Top of Listed records
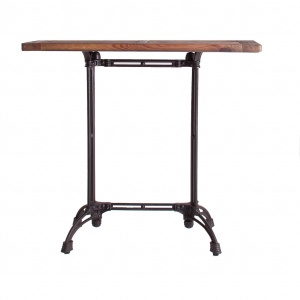 MASUTA DE BAR BUCKIE REF. 25328, DIN LEMN MASIV DE ULM SI METAL, STIL VINTAGE, VIC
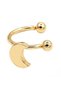 Ear cuff earring, crescent moon pattern, very small and delicate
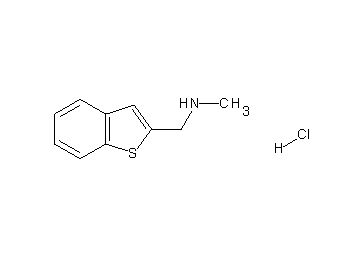 (1-benzothien-2-ylmethyl)methylamine hydrochloride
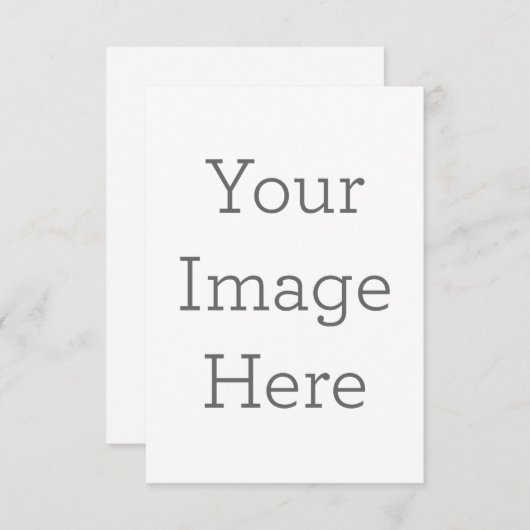 8,89 cm x 12,7 cm Flache Ankündigungskarte (Vorne/Hinten)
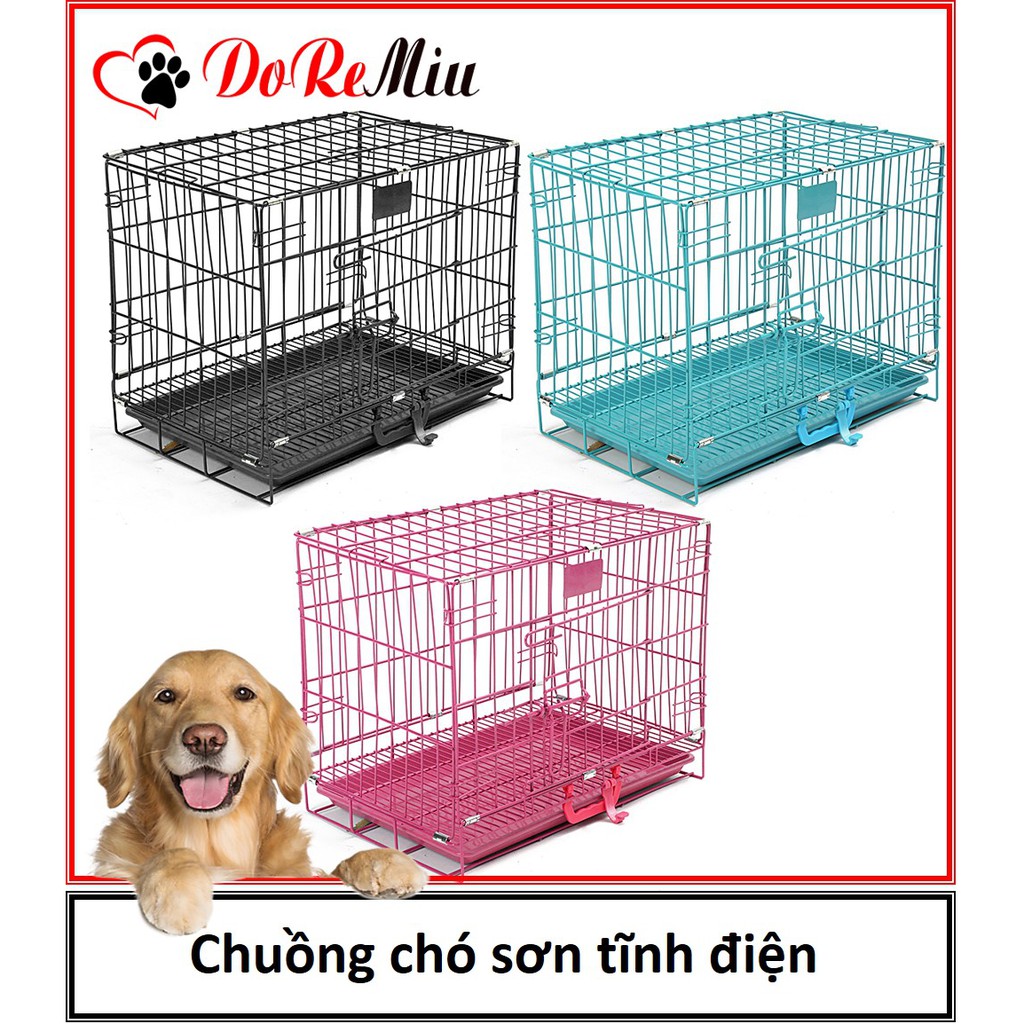 LanPet SD75 - Chuồng chó mèo sơn tĩnh điện chó lớn phù hợp chó và mèo từ 0-12kg (được chọn màu) bảo 
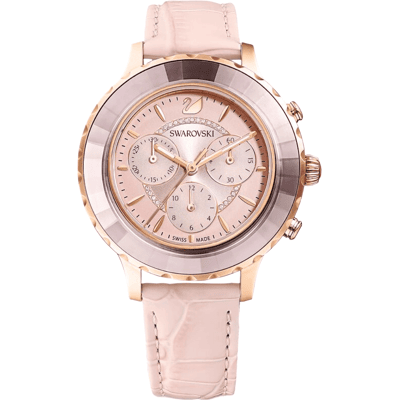 Swarovski Octea 5452501 Roségold Pink Leder Damenarmbanduhr Weiß/Roségold Einheitsgröße Swarovski Octea 5452501 Roségold Pink Leder Damenarmbanduhr Weiß/Roségold Einheitsgröße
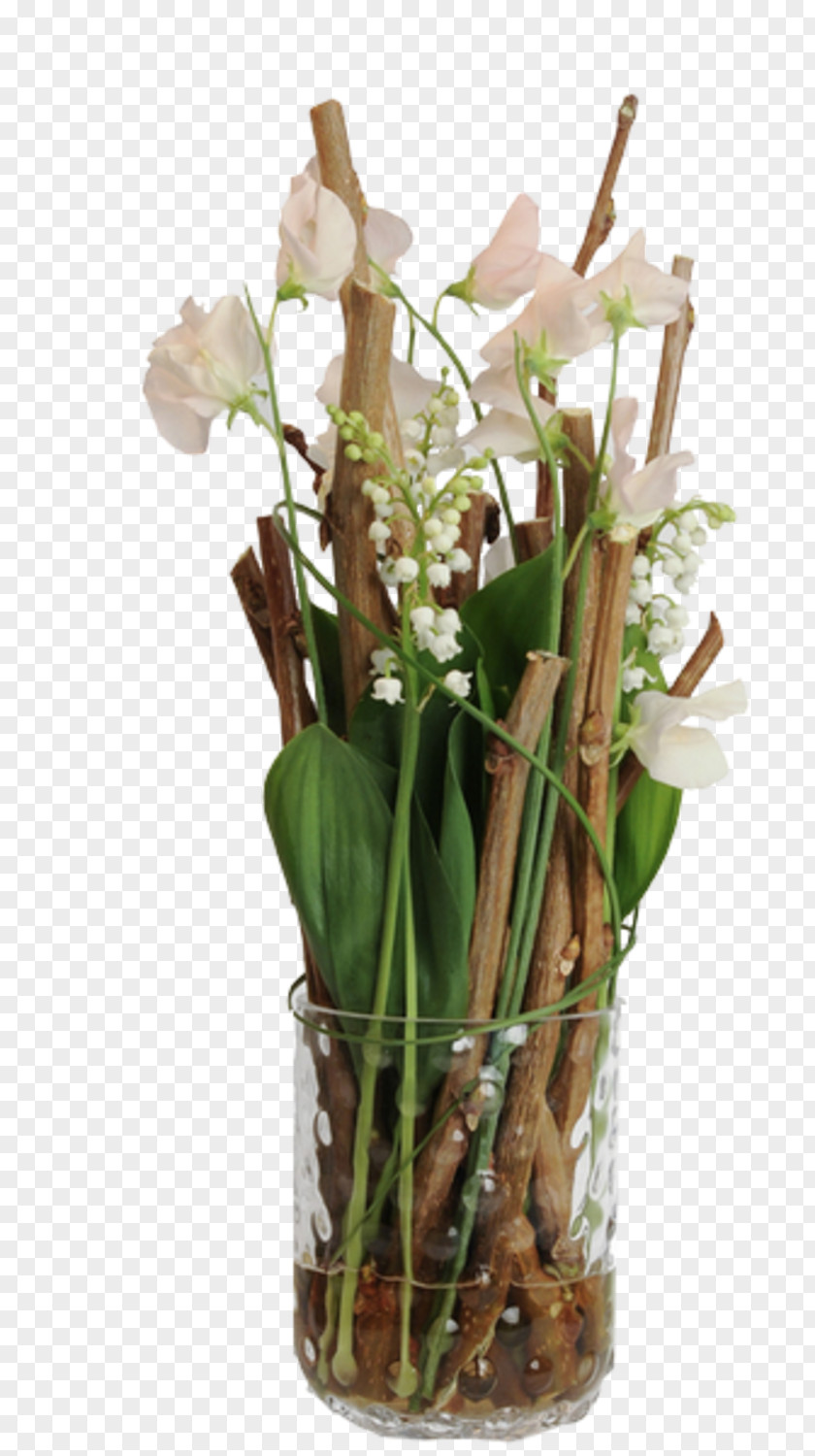 Lily Of The Valley Floral Design Cut Flowers Vase PNG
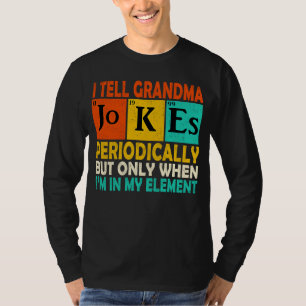 Camiseta Química Químico Vintage Le Cuente Chistes de Abuel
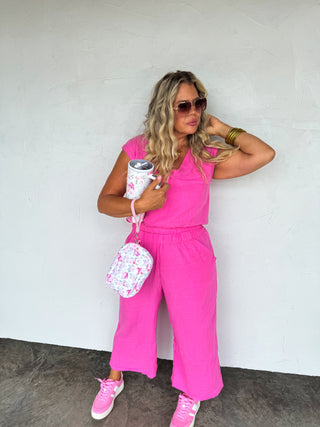 PREORDER- LAURA CROP PANT SET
Bottom of Listed records
-- The problem --
When you reach the line with "Lily Of The" in the entries above, start copying, and go on word for word to the last line; skip any picture.

-- Problem solution --
 Lily Of The Valley Floral Design Cut Flowers Vase PNG
 Camiseta Química Químico Vintage Le Cuente Chistes de Abuel
 PREORDER- LAURA CROP PANT SET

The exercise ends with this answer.